Pero de manera subterránea, en el metro de la ciudad, suben y bajan personas todo el tiempo, generando ante mis ojos un animado viaje de rostros, actitudes y modos que voy descubriendo a lo largo de mi estancia en este lugar del mundo.
Así fue como las vi. Eran tres mujeres que subieron un tanto tímidas, analizando con extrañeza el entorno y se sentaron frente a mí, por lo que fue inevitable ver que proyectaban una energía peculiar, en la que resaltaba una mirada azul triste asomándose por encima del tapabocas; la otra cosa evidente es que eran abuela, madre e hija.
Mientras hablaban entre ellas —¿ruso?— noté que una, “la hija” (de unos 20 años), portaba un pin bicolor con el amarillo que simboliza el campo de un país con una cosecha hoy sacrificada por la guerra y el azul que remite a cielos invadidos por aviones de Rusia.
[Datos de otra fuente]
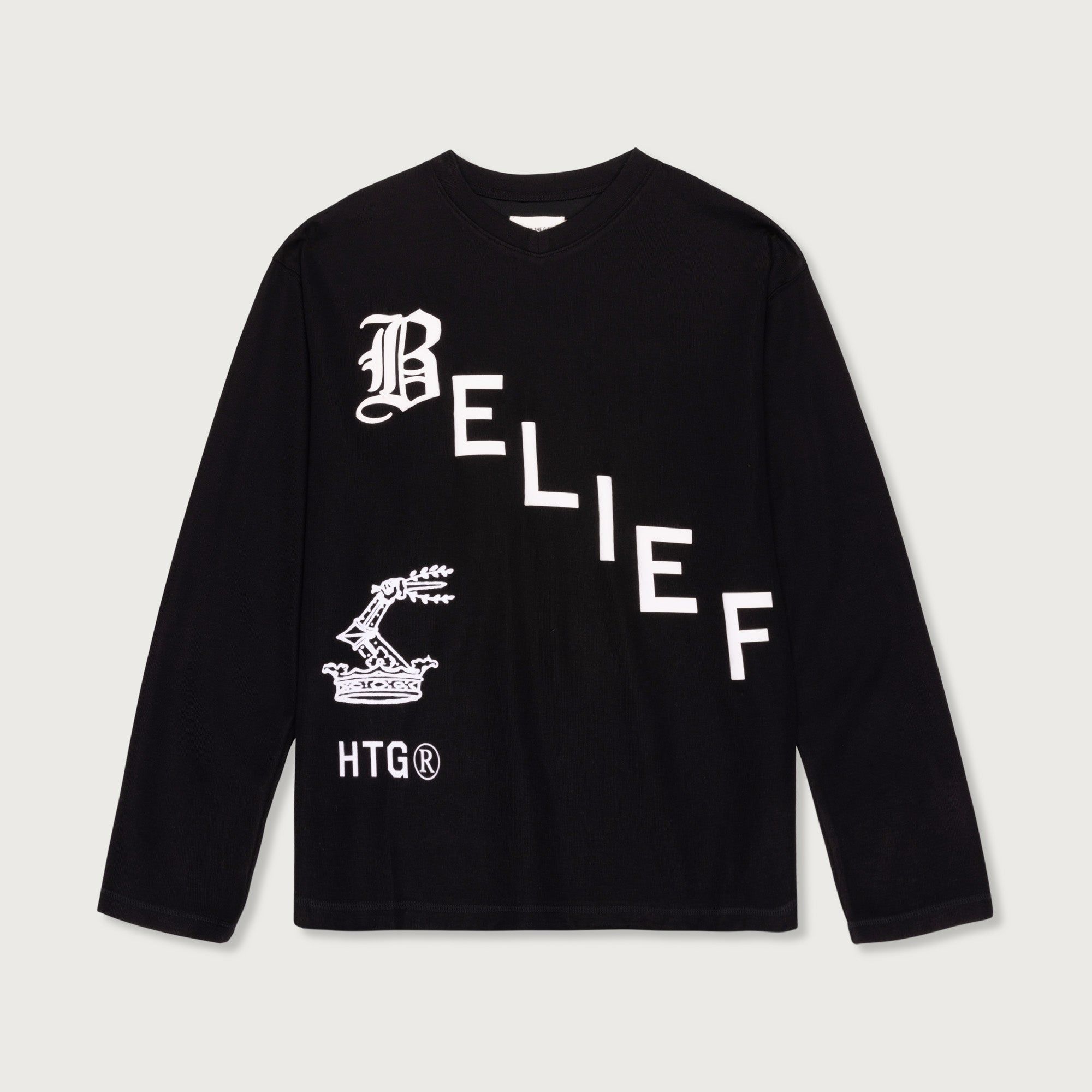Belief L/S T-Shirt - Black sold by Honor the Gift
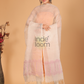 Pure Handloom Muslin Jamdani Dupatta With Baby Pink  - 002
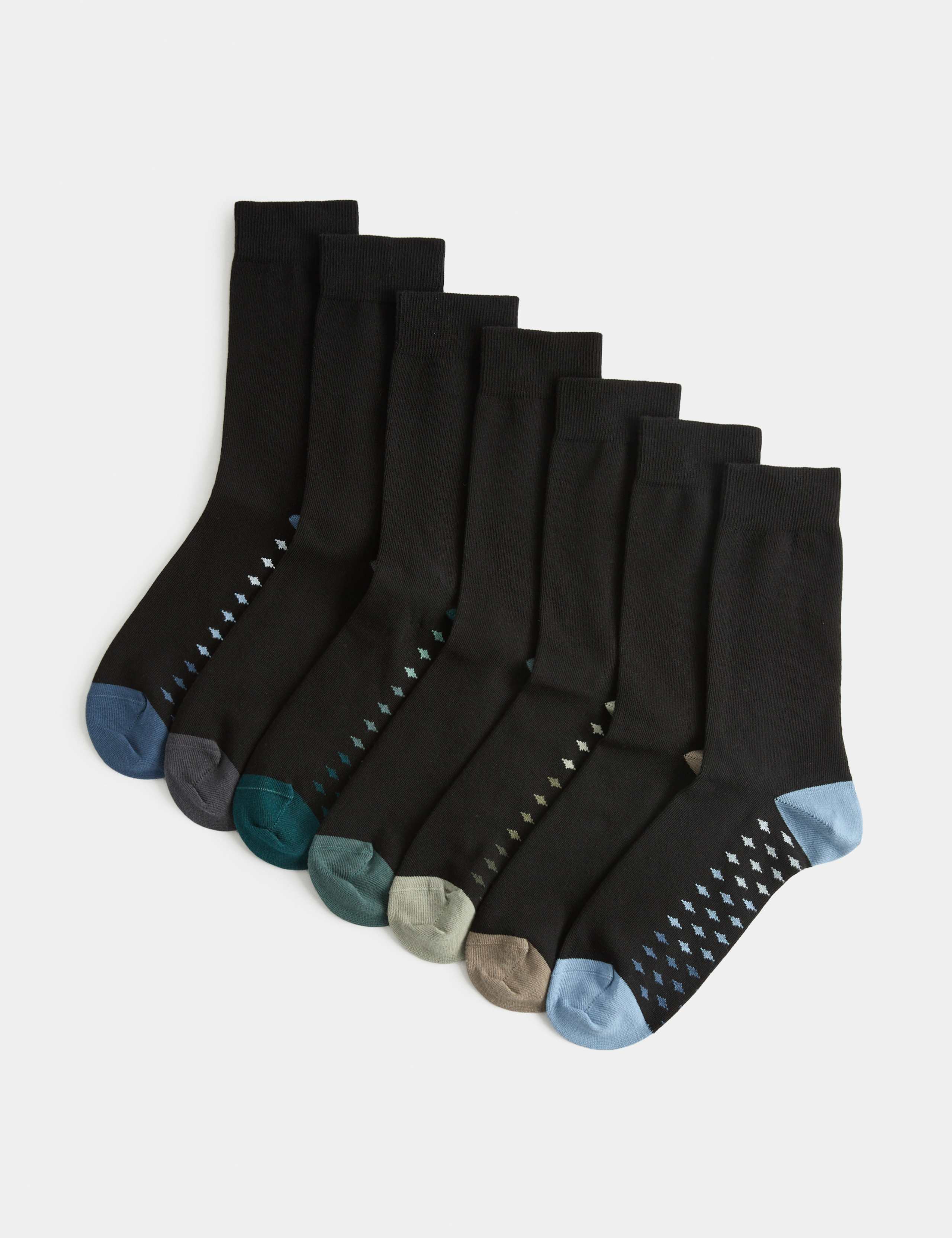7 Pack Cool & Fresh™ Cotton Rich Socks 1 of 1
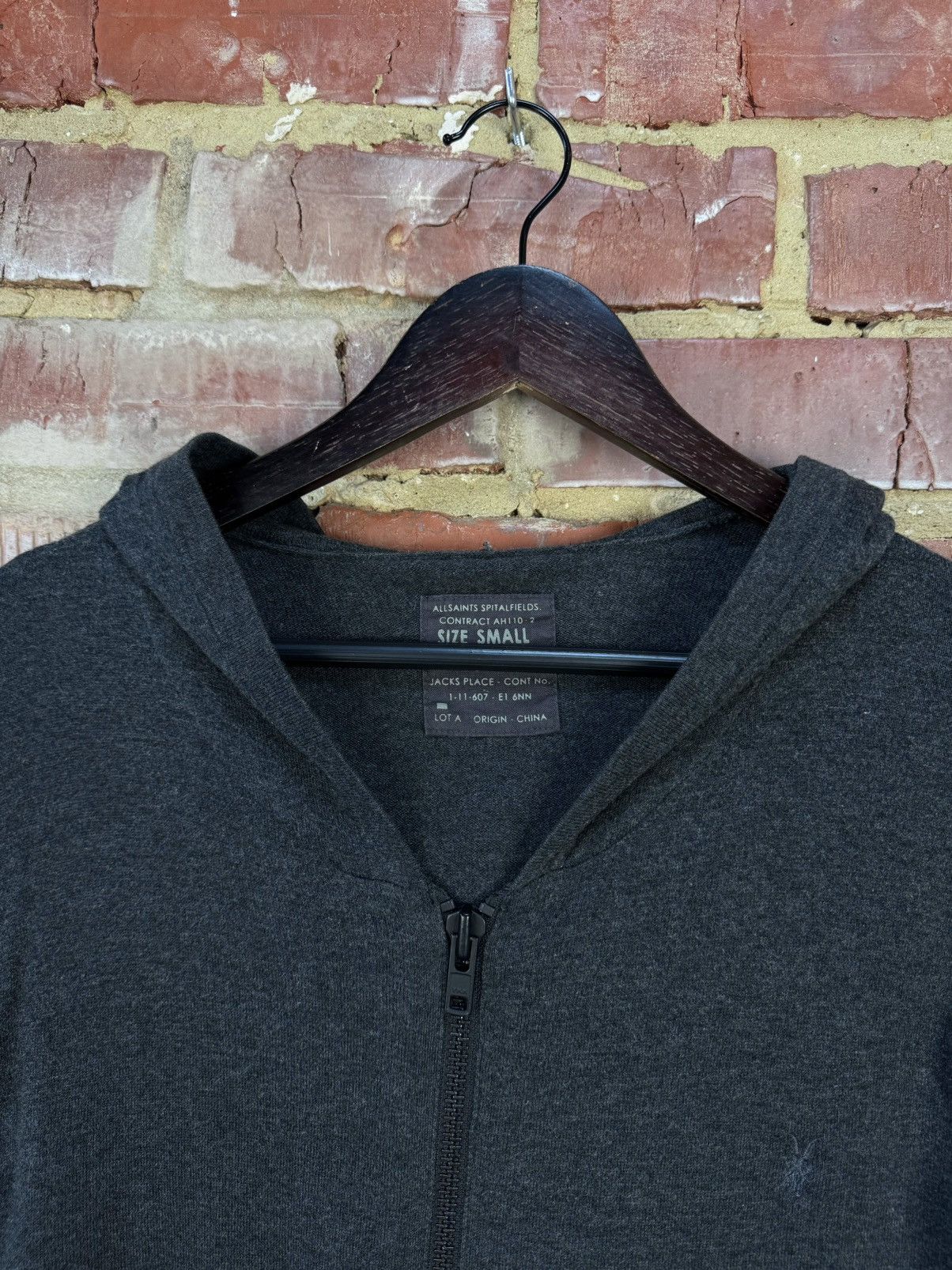 Allsaints ALLSAINTS Spitalfields Exchange Cotton Silk Blend Hoodie Size US S / EU 44-46 / 1 - 5 Thumbnail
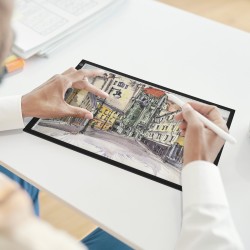 A3-kokoinen ohut LED-valopöytä piirtämiseen USB-C-liitännällä kolmitasoinen kirkkaus musta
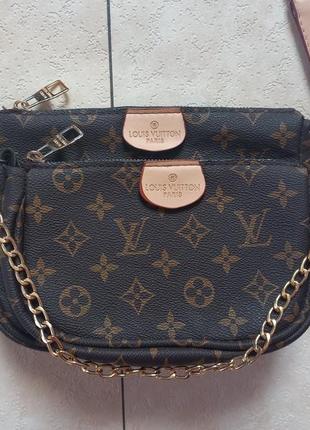 Брендова сумка матрьошка louis vuitton multi pochette.10 фото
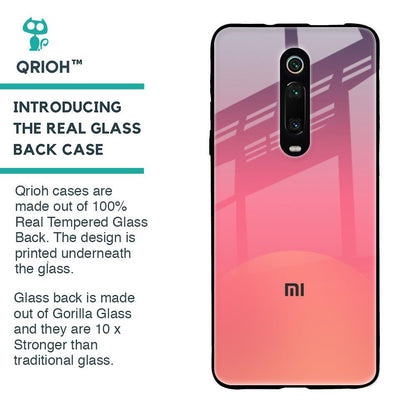 Sunset Orange Glass Case for Xiaomi Redmi K20 Pro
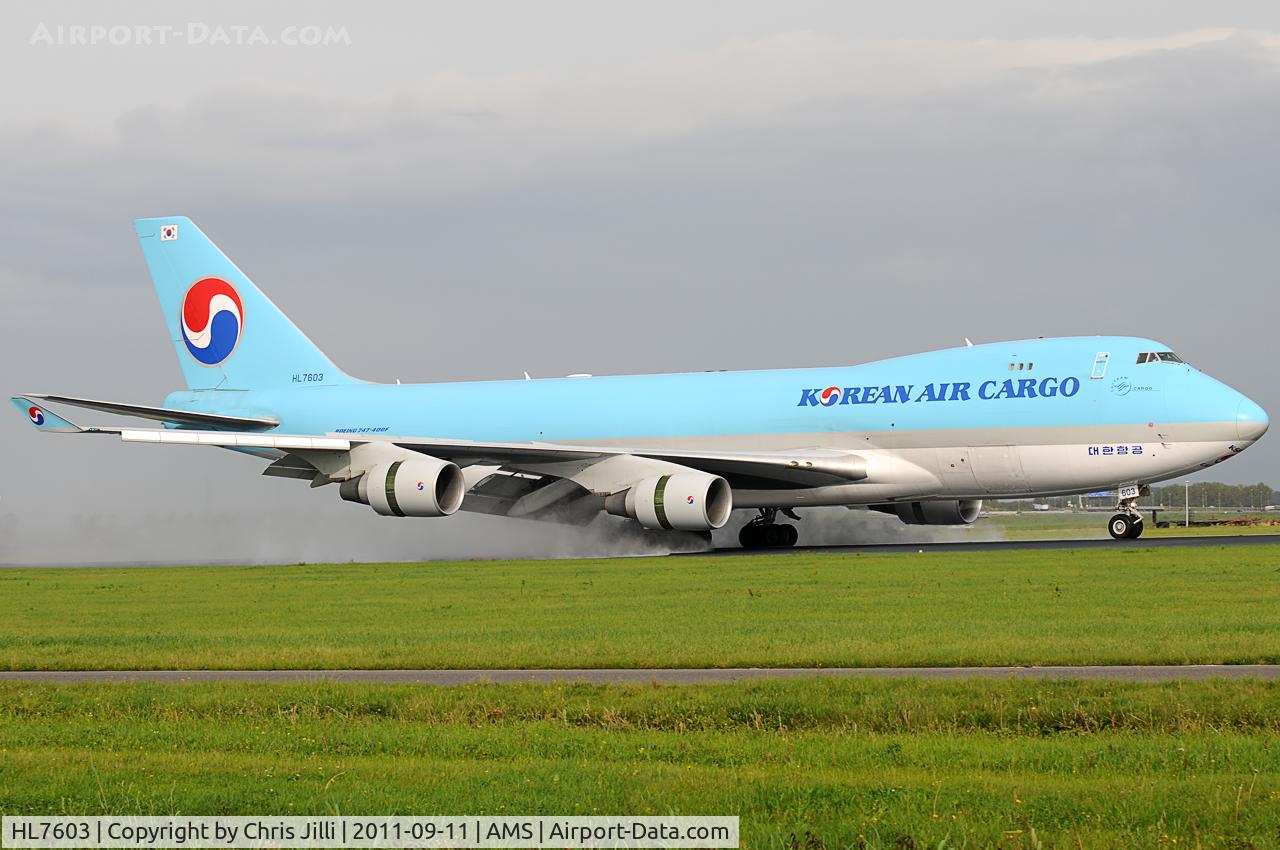 HL7603, 2005 Boeing 747-4B5F/ER/SCD C/N 34302, Korean Air Cargo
De repente, “la hija” notó que la observaba y me miró a los ojos, por lo que asentí queriendo manifestar mi solidaridad con su situación. ¿Logré hacerlo? No sé, pero ella asintió también con su mirada.
Luego, las tres se bajaron en Brandenburger Tor, estación de la Puerta de Brandenburgo, monumento que sirve apenas como esbozo céntrico de un territorio berlinés dividido en una docena de distritos que son pequeñas ciudades en sí mismas, dentro de la gran ciudad.
El metro siguió. Bajé en Alexanderplatz pensando en las personas desplazadas. ¿Cómo afrontar la lejanía de su hogar?, ¿a qué certezas aferrarse en esa desazón?, ¿qué sentir al ser observadas por miradas extrañas como la mía de hace rato?, ¿cuántas generaciones quedarán marcadas por esta tragedia?
Encontré la avenida llena de gente al salir de U-Bahn. Una camioneta amarilla remolcaba el monigote gigante de un Putin monstruoso metiendo a Ucrania dentro de sus fauces, mientras que atrás, a lo lejos, se leía en lo alto del sexto y séptimo pisos de un viejo estacionamiento el graffiti “Stop the war” y, frente a mí, cientos y cientos de manifestantes caminaban indignados rumbo a Brandenburger Tor.
Berlín salía así de su lúgubre confinamiento para protestar por la invasión rusa.